Adadaki ilk günlerim biraz sakin geçiyor. Karnımı doyurmak için meyve ağaçlarından topladıklarımı yiyor, balık tutuyor ve ada halkına yardım etmeye çalışıyorum. Acenta sahibi olan Tom Nook eğer gerekli adımları atarsam kendi evime sahip olacağımı bile söylüyor. Başımın üzerinde bir dam olması için neredeyse 100.000 Bell harcamam gerekiyor ve benim cebimde sadece 100 Bell var. Neyse ki burada emeğimin karşılığını alabiliyorum, kendi evimin olması bile beni heyecanlandırıyor. Topladığım meyveleri, balıkları, börtü böceği satıyor ve para biriktirmeye devam ediyorum. Benimle birlikte gelenler de oldukça çalışkan, onlar da hemen hemen eşit şartla başlayıp ev borcuna girmişler bile. 

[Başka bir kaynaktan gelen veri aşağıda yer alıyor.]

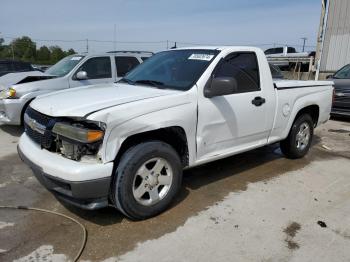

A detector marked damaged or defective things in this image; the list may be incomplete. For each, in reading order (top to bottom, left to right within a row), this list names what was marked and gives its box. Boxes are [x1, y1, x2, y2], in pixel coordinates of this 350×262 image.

broken headlight [51, 121, 104, 162]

Bir yandan para biriktirirken diğer yandan da ada halkına yardımcı olmaya çalışıyorum. Biraz daha böcek toplar, balık avlar ya da etraftaki fosilleri toplarsam adaya bir müze bile açılacağı söyleniyor. Ne de olsa burası benim hayatımı geçireceğim yer olacak. Her ne kadar borçlanmış olsam da insanın kendi evi gibisi yok. Üstelik dekorasyonu da dilediğim gibi yapabileceğim. Dilersem evin önüne kocaman duble bir yol yapabilir ya da bahçe sınırlarımı belirleyecek çitleri bile dikebilirim. Ama önce biraz etrafı araştırıp, evin borcunu ödemem gerekiyor.. Şu ağaçları kessem daha fazla yer sahibi olabilir miyim acaba?

Evet, işte bu saydıklarım Animal Crossing: New Horizons‘ın sadece ilk saatlerinde karşımıza çıkan olaylardan sadece birkaçı. Kısacası yeni yaşantınızdaki ilk günleriniz hemen hemen böyle geçiyor. Sizin de fark edebileceğiniz gibi şehir karmaşasından, silahlı klasik oyunlardan uzaklaştığımız bu yapım oldukça basit bir şekilde başlıyor. Fakat kısa bir süre sonra aslında kaçmaya çalıştığınız o hayatı şekillendirmeye çalıştığınızı, çok daha iyi eşyaların peşinde koşmaya başladığınızı fark etmeye başlıyorsunuz. Oyun ile ilgili her ne kadar çok fazla tartışma dönse de, alt metninde çok fazla detay barındırsa da aslında Animal Crossing: New Horizons oldukça basit bir oyun. Önemli olan borca girdiğiniz ve yavaş yavaş emperyalizme doğru evrilen bu oyunda yapacaklarınızın, size sunmuş olduğu müthiş özgürlük oluyor(Faşo Nook).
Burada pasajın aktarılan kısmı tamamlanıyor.